Slice:
...In testimony before the Florida state legislature, United Faculty of Florida President Tom Auxter said, “This legislation has the effect of undermining academic freedom while claiming to promote academic freedom....It will, if written into law, cause a dumbing down of the mental life of students to the cartoon version of intelligence we find on right-wing talk shows where everything controversial is broken into categories such as conservative vs. liberal, religious vs. secular humanist, or American vs. communist….”

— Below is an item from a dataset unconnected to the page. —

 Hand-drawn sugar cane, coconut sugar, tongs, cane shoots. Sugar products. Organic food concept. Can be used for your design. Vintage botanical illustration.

But from the vignette box in the same article is one sligtly more interesting commentary:
It amazes me to hear policy makers, who, just as I did, benefited mightily from access to low-cost, public higher education, now seriously talking about denying that opportunity to a whole generation of young people in America. We can't afford it, they say. Let’s see, I got mine, but now I don't want to pay for you to get yours! The richest nation in the world—first in gross domestic product, first in the number of millionaires and billionaires—cannot afford to provide working class kids the opportunity to go to a university. Well, there is one way. You can join the military, go to some far away land to get shot at, and then, if you survive, the government will pay for your college education. In today’s America, the haves go to college right out of high school and the have-nots go to war so they might some day be able to go to college.
— NEA President Reg Weaver addressing the National Center for the Study of Collective Bargaining in Higher Education. March 19, 2005.